▸ **REQUIREMENT**
Keep the pictures out of your copy. Transcribe the records below exactly.

▸ **Image-text web data**
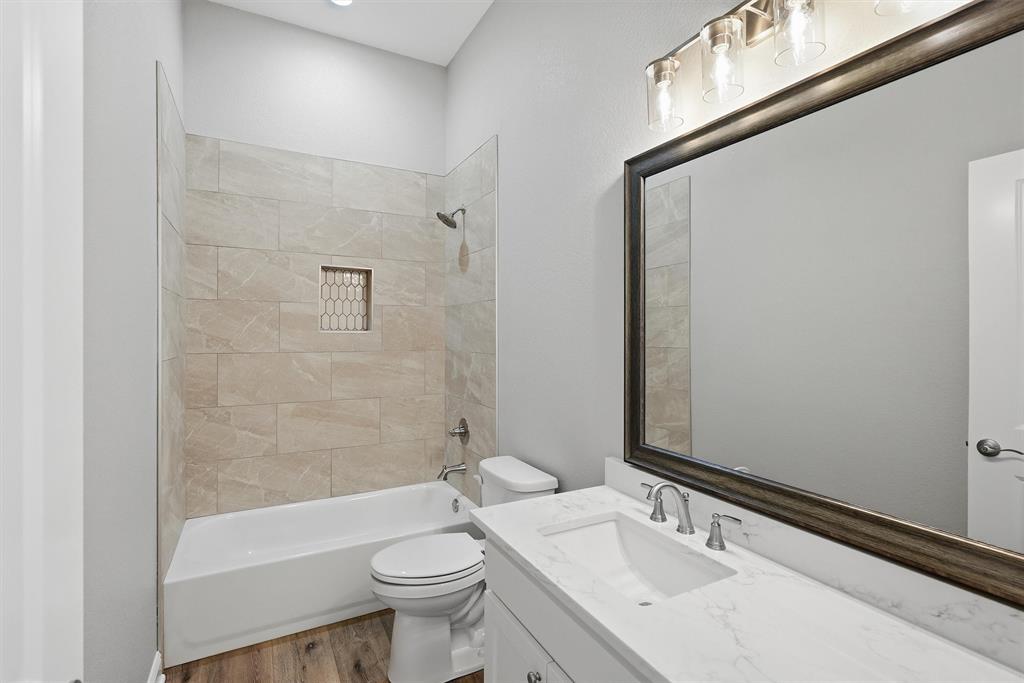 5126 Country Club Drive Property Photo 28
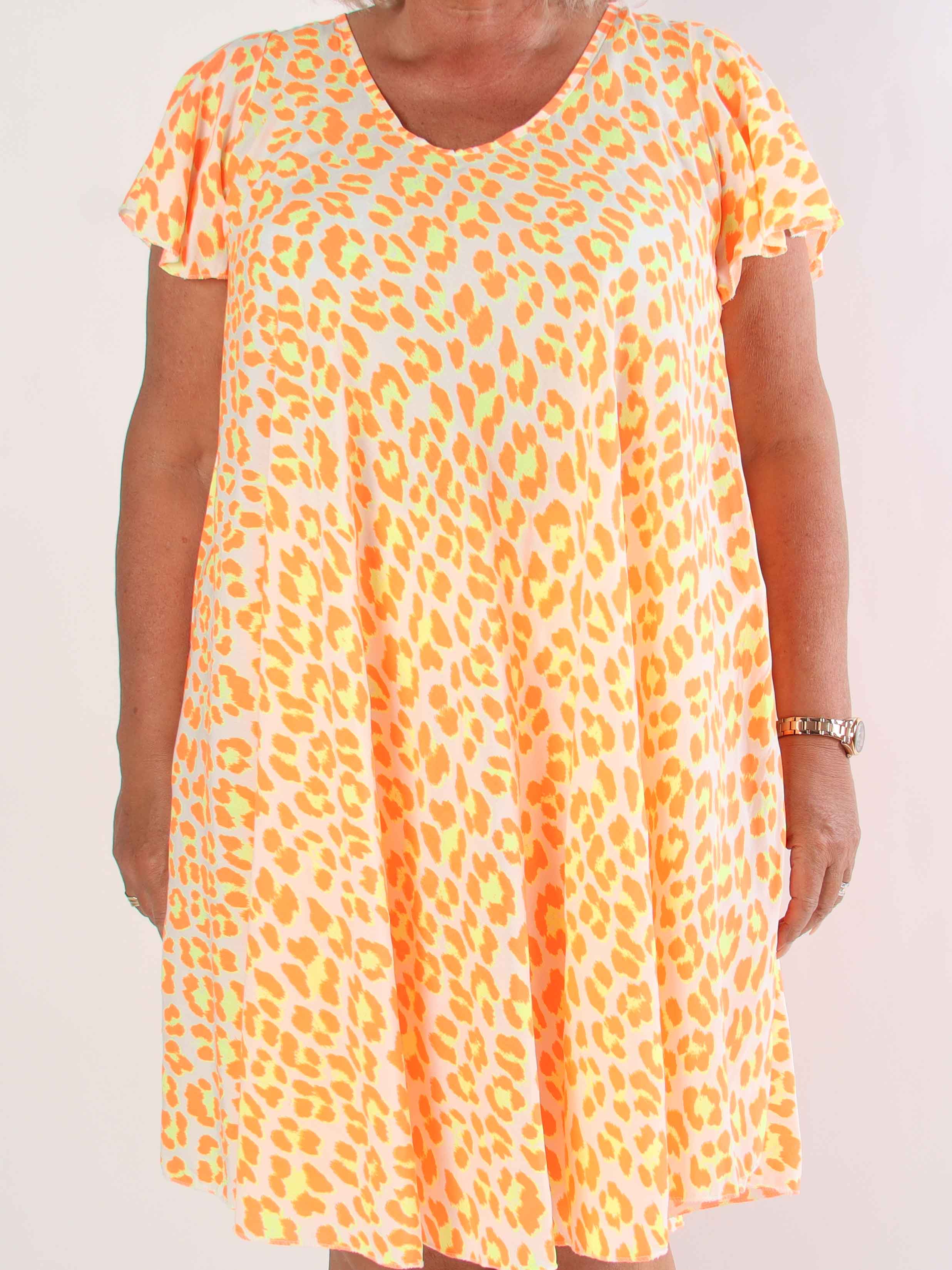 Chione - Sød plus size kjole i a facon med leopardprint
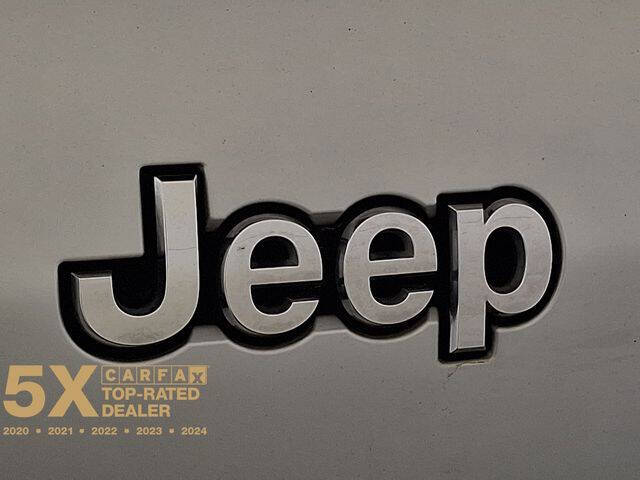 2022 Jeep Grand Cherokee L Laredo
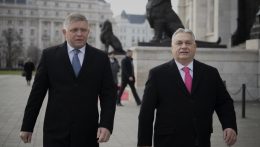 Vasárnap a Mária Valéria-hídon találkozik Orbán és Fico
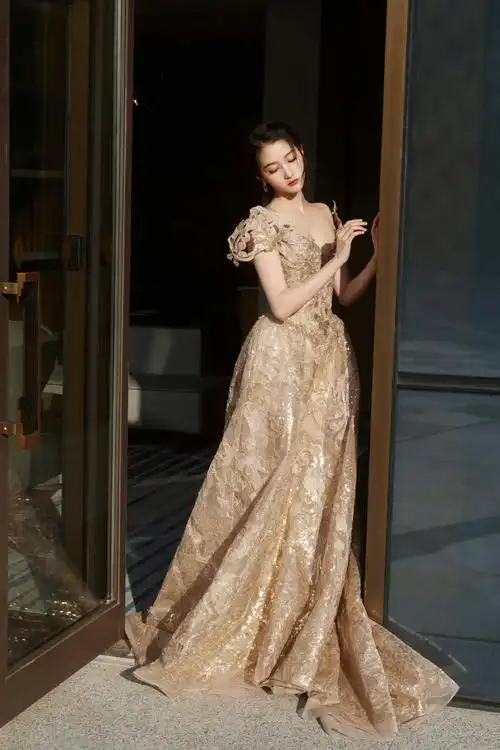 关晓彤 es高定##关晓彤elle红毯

▸ **OUTPUT OF THE TASK**
 5126 Country Club Drive Property Photo 28
 Chione - Sød plus size kjole i a facon med leopardprint
 2022 Jeep Grand Cherokee L Laredo
 Vasárnap a Mária Valéria-hídon találkozik Orbán és Fico
 关晓彤 es高定##关晓彤elle红毯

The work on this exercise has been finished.